Retype, please, the listing from its opening line through the line that contains "What is actually", both included, without the pictures.

# INFORMATION SUPPLIED
====
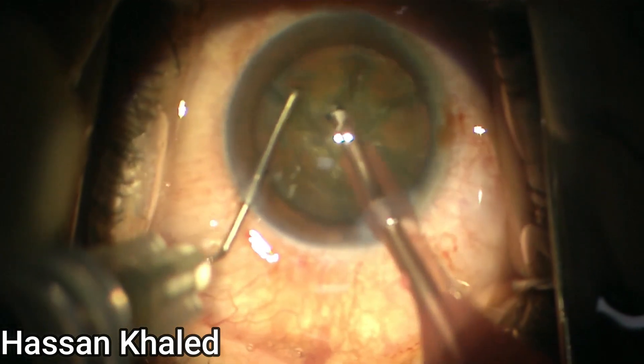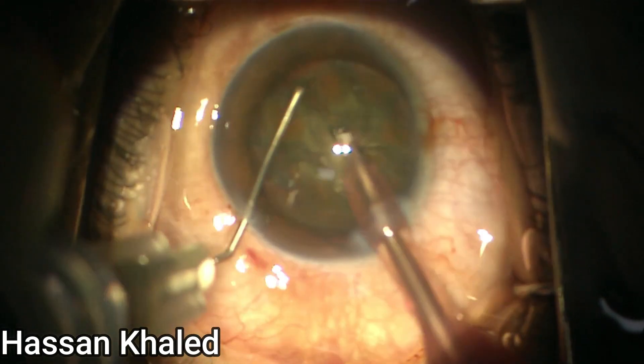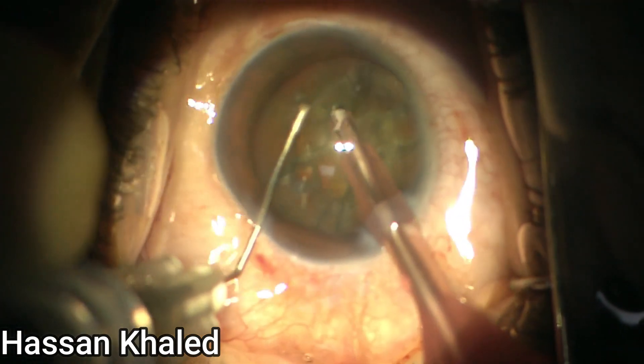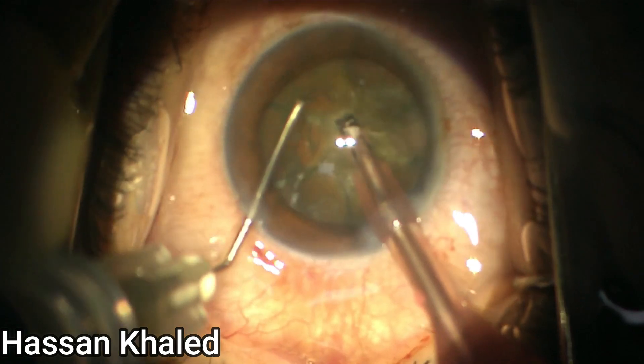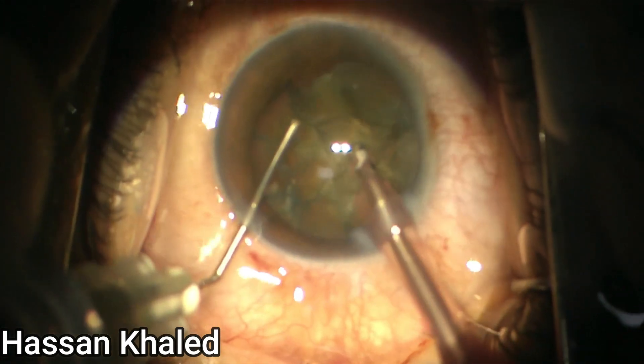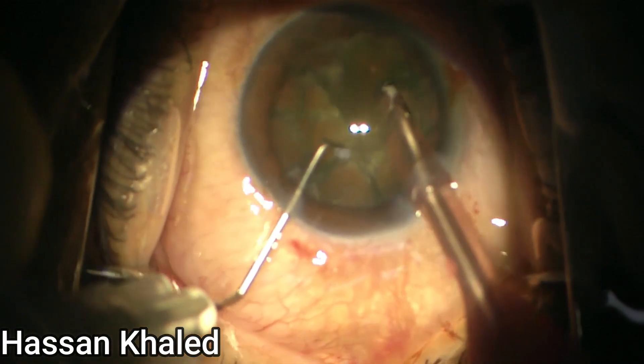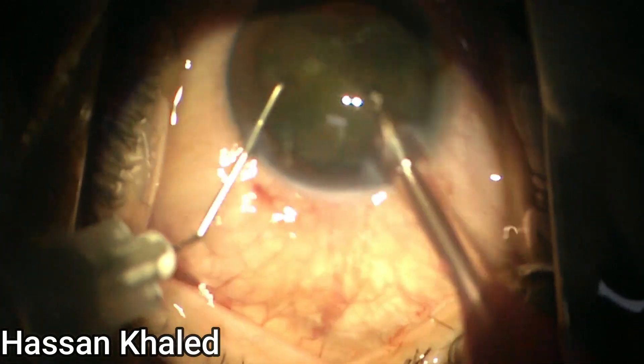You can see this technique is repeated more and more. You can see the nucleus has been chopped into smaller pieces. Here is the second half of the nucleus — you can see there are many small pieces of the chopped nucleus.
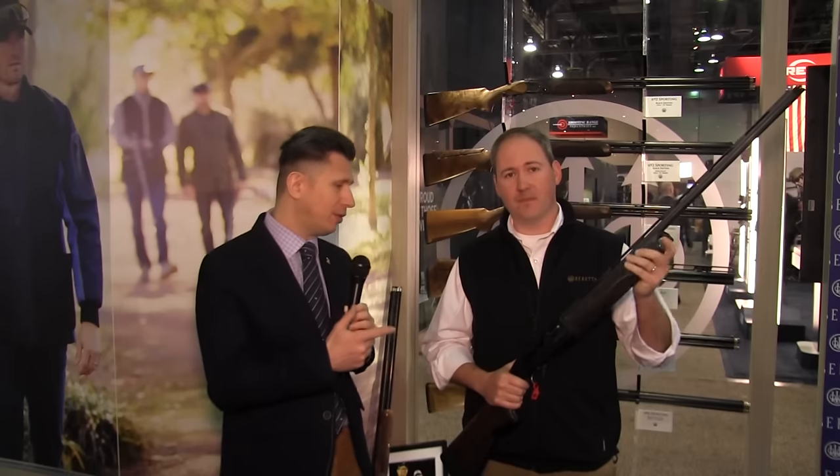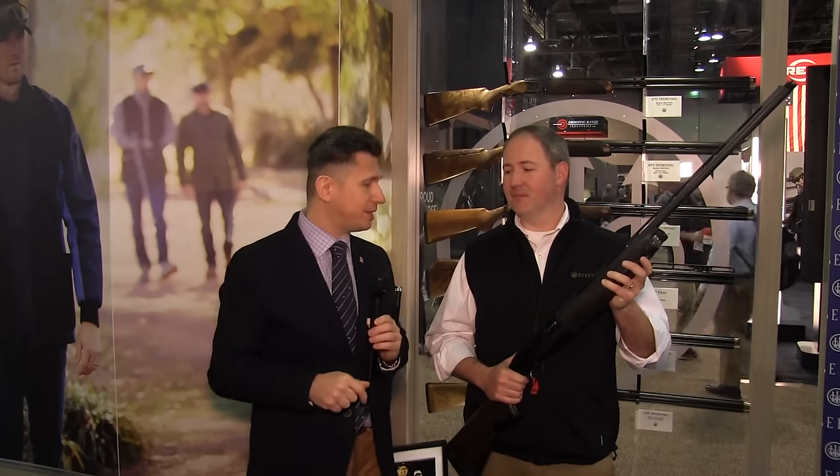The first shipment comes in January, so you'll start seeing them in stores in February. If you really want to win some gold this year, this is the shotgun you need — it's the A400 XL Black. You can find it at your dealer, and if you need to find out where your dealer is, go to beretta.com. From Las Vegas, for right now that's all. Chris, thank you so much. Thank you, Mateo. We'll see you guys soon.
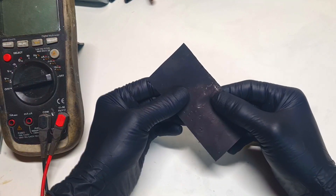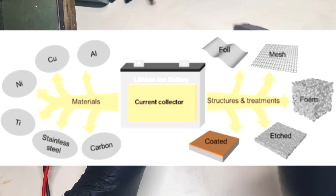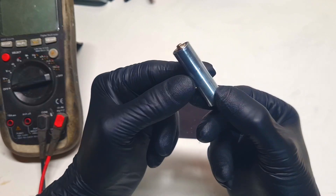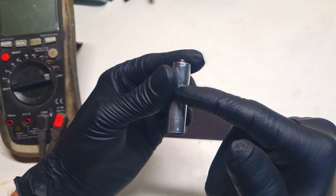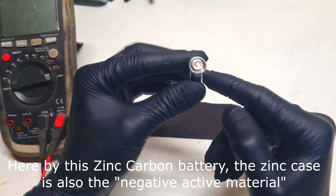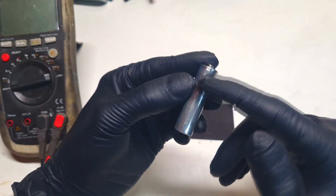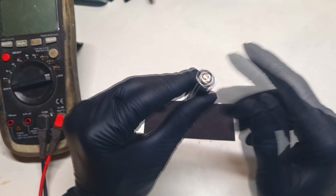What is actually a current collector? The current collector is a conductive plate which you find on the positive and also on the negative side of the battery. For example, here I have this zinc-carbon battery, which in this case, this zinc case, is the current collector for the negative electrode. And inside of this battery there is also a carbon rod, which is the current collector for the positive side of the battery.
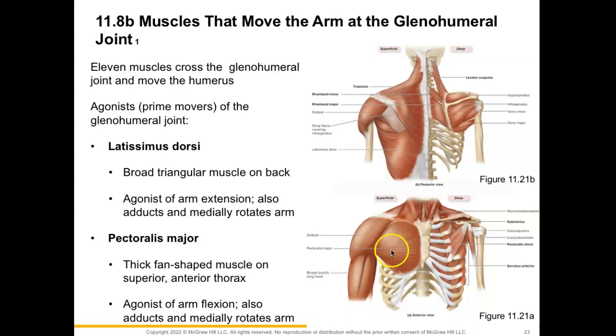Another muscle is going to be our pectoralis major muscle. This is our thick fan-shaped muscle on the superior anterior aspect of the thorax. It is going to reach over and insert itself onto the humerus and will cause arm flexion and adduction and medial rotation of the arm, just like our latissimus dorsi.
====
# COMPLETED EXERCISE
You can see this technique is repeated more and more. You can see the nucleus has been chopped into smaller pieces. Here is the second half of the nucleus — you can see there are many small pieces of the chopped nucleus.
The first shipment comes in January, so you'll start seeing them in stores in February. If you really want to win some gold this year, this is the shotgun you need — it's the A400 XL Black. You can find it at your dealer, and if you need to find out where your dealer is, go to beretta.com. From Las Vegas, for right now that's all. Chris, thank you so much. Thank you, Mateo. We'll see you guys soon.
What is actually a current collector? The current collector is a conductive plate which you find on the positive and also on the negative side of the battery. For example, here I have this zinc-carbon battery, which in this case, this zinc case, is the current collector for the negative electrode. And inside of this battery there is also a carbon rod, which is the current collector for the positive side of the battery.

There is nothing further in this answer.